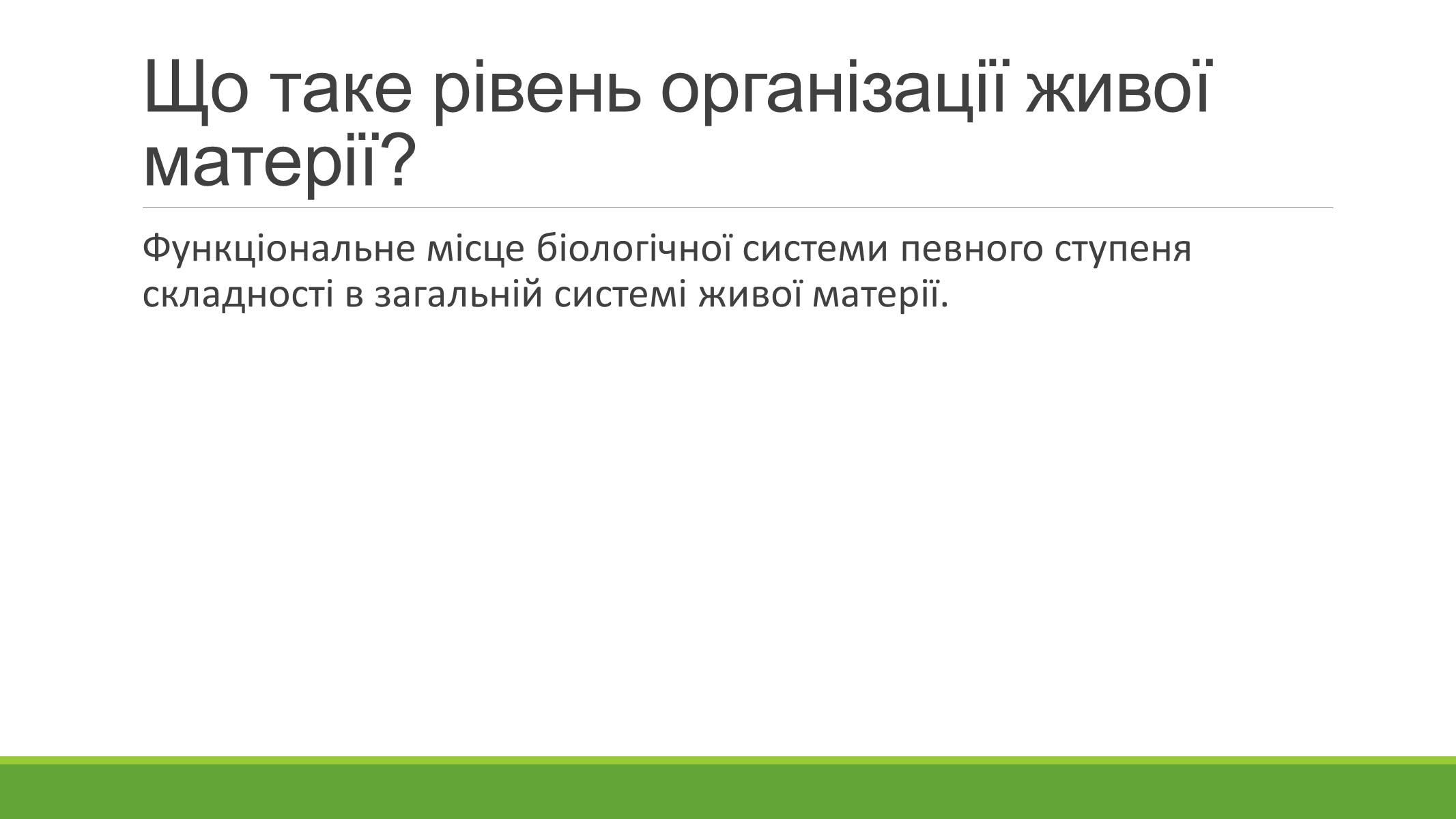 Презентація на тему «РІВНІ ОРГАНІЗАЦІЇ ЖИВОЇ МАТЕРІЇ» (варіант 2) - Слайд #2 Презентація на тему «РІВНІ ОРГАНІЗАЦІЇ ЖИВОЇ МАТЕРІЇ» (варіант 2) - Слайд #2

* * *

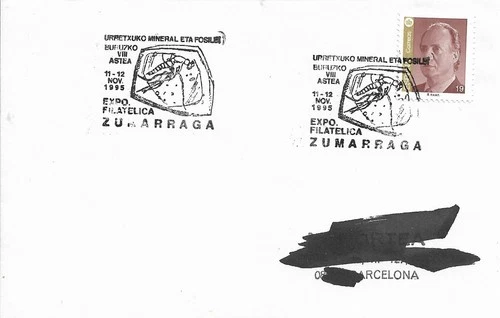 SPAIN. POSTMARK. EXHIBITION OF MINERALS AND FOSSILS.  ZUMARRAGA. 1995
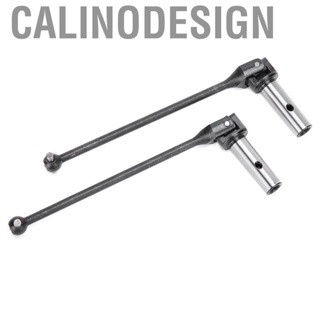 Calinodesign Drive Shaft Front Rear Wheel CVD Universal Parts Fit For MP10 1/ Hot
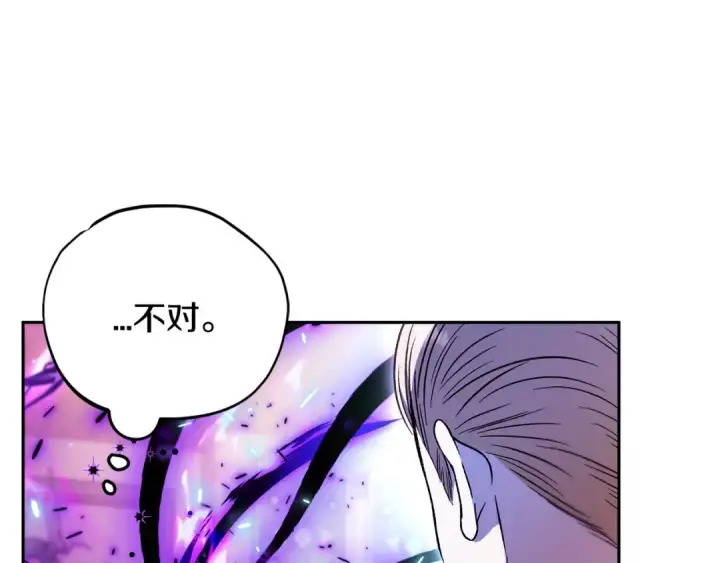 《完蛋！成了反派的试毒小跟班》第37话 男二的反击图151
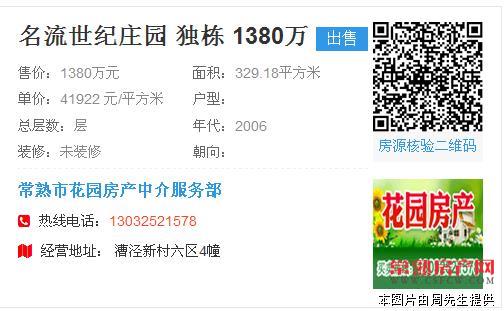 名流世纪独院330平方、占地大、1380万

...

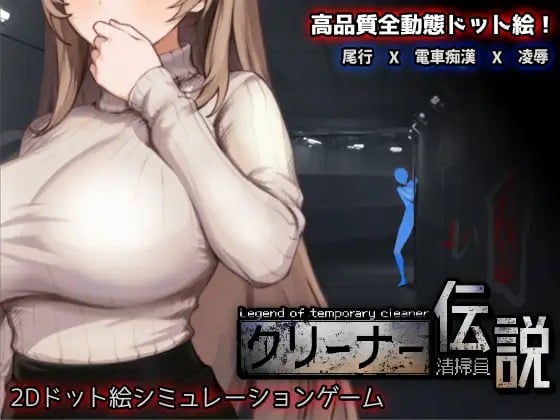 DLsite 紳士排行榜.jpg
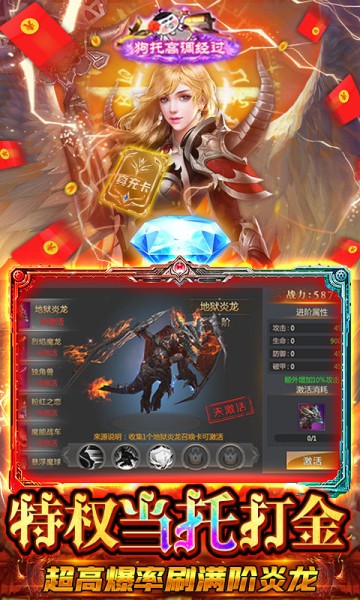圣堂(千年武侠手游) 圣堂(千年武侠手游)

:: Directions ::
Within the listing above, copy exactly the lines that start at the one with "SPAIN. POSTMARK. EXHIBITION" and continue through the one with "名流世纪独院330平方、占地大、1380万". Omit pictures.

:: Output below ::
 SPAIN. POSTMARK. EXHIBITION OF MINERALS AND FOSSILS.  ZUMARRAGA. 1995
 Calinodesign Drive Shaft Front Rear Wheel CVD Universal Parts Fit For MP10 1/ Hot
 《完蛋！成了反派的试毒小跟班》第37话 男二的反击图151
 名流世纪独院330平方、占地大、1380万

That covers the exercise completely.